Es ist genau der Tag seines 18. Geburtstags und ein Sonntag im Jahr 1975, als Collin auf dem Box Hill wortwörtlich über sein weiteres Schicksal stolpert.
Der Box Hill ist in den Londoner Vororten ein bekannter Biker Treff, an dem die richtig coolen und harten Typen mit ihren Maschinen abhängen.
Der gerade volljährig gewordene Colin ist genau das Gegenteil, unsicher und dicklich, sexuell unerfahren, aber neugierig und suchend.
Als er am Box Hill über den Biker Ray stolpert, manifestiert sich sein Suchen und seine Wünsche in diesem Mann. Ray ist älter, überirdisch schön, unendlich cool und selbstbewusst.
“Jedenfalls konnte ich die Augen nicht von ihm lassen, so viel steht fest, aber wer hätte das an meiner Stelle schon gekonnt?”
Und das scheinbar Unfassbare geschieht. Der Halbgott Ray steigt vom Olymp und erkennt in dem unbeholfenen Colin irgendwas, das sein Interesse weckt. Er fordert ihn zu einem Blow Job auf. Colin kommt der nonverbalen Aufforderung ohne Zögern nach.
“Es war, als hätte Ray meinen Willen gelähmt, als er eine, vielleicht zwei Stunden zuvor mit dem Finger geschnipst hatte. Vielleicht war er Hypnotiseur.”
Von einer Stunde auf die andere beginnt für Colin das Leben an der Seite von Ray, das 6 Jahre lang dauern soll.
Mars-Jones schildert eine Beziehung zwischen zwei Männern, die auf einem enormen Alters- und Machtgefälle basiert und die klar sado-masochistisch geprägt ist.
“Es ging ihm nicht darum, auf seine Kosten zu kommen. Das Ganze hatte einen Grund. Er hat mich in Besitz genommen.”

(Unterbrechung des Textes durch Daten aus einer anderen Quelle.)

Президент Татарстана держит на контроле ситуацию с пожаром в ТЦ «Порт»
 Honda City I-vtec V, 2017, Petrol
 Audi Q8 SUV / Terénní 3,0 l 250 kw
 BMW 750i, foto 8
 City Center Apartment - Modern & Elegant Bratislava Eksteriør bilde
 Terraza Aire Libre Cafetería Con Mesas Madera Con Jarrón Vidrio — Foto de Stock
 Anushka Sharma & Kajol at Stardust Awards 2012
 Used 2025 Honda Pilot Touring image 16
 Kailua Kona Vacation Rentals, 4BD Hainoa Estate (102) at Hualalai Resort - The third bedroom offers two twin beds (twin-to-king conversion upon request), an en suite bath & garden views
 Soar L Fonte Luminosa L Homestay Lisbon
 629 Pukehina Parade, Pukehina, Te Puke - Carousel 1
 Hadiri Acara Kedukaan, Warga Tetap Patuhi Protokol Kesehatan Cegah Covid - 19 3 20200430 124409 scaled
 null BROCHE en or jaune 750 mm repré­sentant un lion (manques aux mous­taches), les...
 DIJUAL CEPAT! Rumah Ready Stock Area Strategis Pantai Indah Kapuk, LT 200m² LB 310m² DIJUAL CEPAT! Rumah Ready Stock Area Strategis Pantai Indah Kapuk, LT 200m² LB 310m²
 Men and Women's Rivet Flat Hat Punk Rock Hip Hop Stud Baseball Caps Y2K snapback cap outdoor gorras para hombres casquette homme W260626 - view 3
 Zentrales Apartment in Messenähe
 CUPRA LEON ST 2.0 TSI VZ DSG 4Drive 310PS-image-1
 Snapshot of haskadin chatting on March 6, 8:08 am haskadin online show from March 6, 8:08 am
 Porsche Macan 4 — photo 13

Dabei beschreibt Mars-Jones das einseitige Abhängigkeitsverhältnis sehr nuanciert und arbeitet die Ambivalenzen der Beziehung deutlich heraus. Auf der einen Seite die Angst, die Macht und die Kontrolle, die von Ray ausgeht, auf der anderen Seite die vollkommenen Unterwerfung, aber auch Momente der Zugehörigkeit. In der Ich-Perspektive von Colin bekomme ich Einblick in seine Gefühlswelt, die von Minderwertigkeitskomplexen dominiert wird. Ray hat Gemeinsamkeiten mit seinem Vater. Zweifellos sind es auch diese Daddy Issues, die ihn zu Ray hinziehen.
Who is in total control?
Colin gibt bei Ray komplett die Verantwortung ab, wohnt bei ihm, wird als Besitz von ihm verwaltet.
Für Colin wird Ray wird ein unergründliches Enigma bleiben. Auch nach dem tragischen Ende der Beziehung wird Ray in seinem Leben jahrzehntelang zum blind spot.
Jetzt, wo ich über den nur 138 Seiten langen Roman schreibe, kann ich fast nicht glauben, wie viel Leben und Erfahrungen in diesen Seiten stecken. Mars-Jones schält nicht nur den Kern und das Leben seines Ich-Erzählers punktgenau heraus, sondern gibt nebenbei auch prägnante Einblicke in die Ehe von Colins‘ Eltern. In wenigen Sätzen skizziert er die innerfamiliären Beziehungen zwischen diesen drei Menschen und ihre Veränderungen im Laufe der Jahrzehnte.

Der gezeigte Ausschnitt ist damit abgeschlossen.